Barring the need for an interim / immediate order (which I will deal with in due course) or very exceptionally an application for costs, that is the end of the process.

Importantly at each stage the tribunal provides reasons.

Tribunal

The terminology differs across regulators – panel / committee / tribunal. There is nothing significant in this choice of name.

When a case goes to a final hearing, or an interim hearing, each regulator requires that a tribunal includes a mixture of both lay and professional experience. In other words, for a nursing case at least one member of the tribunal must be a nurse, and at least one must not be.

It used to be the rule that most tribunals would comprise three members, and they would be assisted by advice from an independent legal assessor who would not participate in the decision-making process. Certain regulators have moved away from this model (e.g. GMC, General Pharmaceutical Council (GPhC) and now have a legally qualified chair, a registrant member and a third member (lay or professional).

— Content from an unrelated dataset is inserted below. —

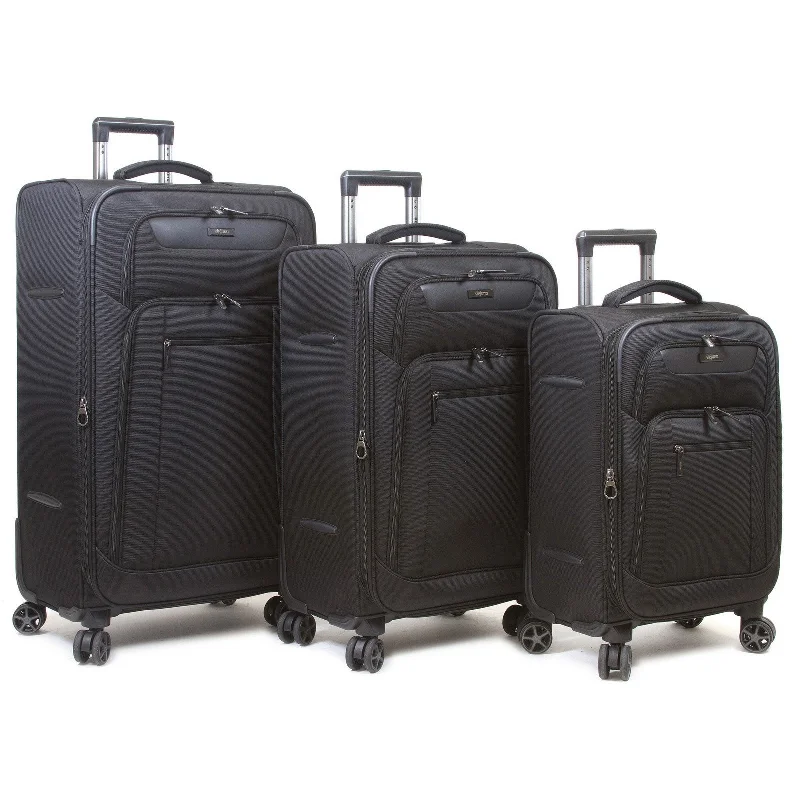 Suitcase with stylish handles-Dejuno Executive 3-Piece Spinner Luggage Set With USB Port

In such cases there is no need for an independent legal assessor.

Some regulators use tribunals with five members (GOC), but most use three. However they are constituted, the common feature is this: they all include experience from within the profession and outside it.

Adversarial or inquisitorial?

There is an important distinction between an FTP panel and a judge considering a case at first instance. The High Court in Ruscillo v Council for the Regulation of Health Care Professionals [2004] Ewca Civ 1356 commented,

The disciplinary tribunal should play a more proactive role than a judge presiding over a criminal trial in making sure that the case is properly presented and that the relevant evidence is placed before it.” [para 80]

Therefore, as PSA v General Medical Council and Lingam [2023] EWHC 967 (Admin) put it, “an inquisitorial duty falls upon a Panel hearing a professional regulatory matter in the public interest” [para 16]. Mostyn J went further in Towuaghantse v General Medical Council [2021] EWHC 681 (Admin) when he said “Regulatory proceedings of the type with which I am concerned are quintessentially inquisitorial.” [para 31]

In my view that puts the position too strongly. Coronial proceedings are “quintessentially inquisitorial” – the coroner decides what evidence to call, leads on the questioning of witnesses, and there is no scope for advocates to make submissions on what evidence should be preferred or rejected. FTP proceedings still operate in the usual adversarial way in most regards. Not least, the prosecutor, not the tribunal, lead on the questioning of their witnesses.

However, tribunals can and do question witnesses after both parties have had their chance to do so. The tribunal can amend particulars of the allegation on its own initiative. It has a duty to ensure a case is not under-prosecuted, and can even add a further particular of charge, if appropriate. It can compel the prosecution to call a witness or produce a document. These powers are discussed in Professional Standards Authority v (1) Nursing and Midwifery Council and (2) Jozi [2015] EWHC 764 (Admin). In that sense, it is inquisitorial. However, in reality, it is comparatively rare for tribunals to adopt such an interventionalist approach.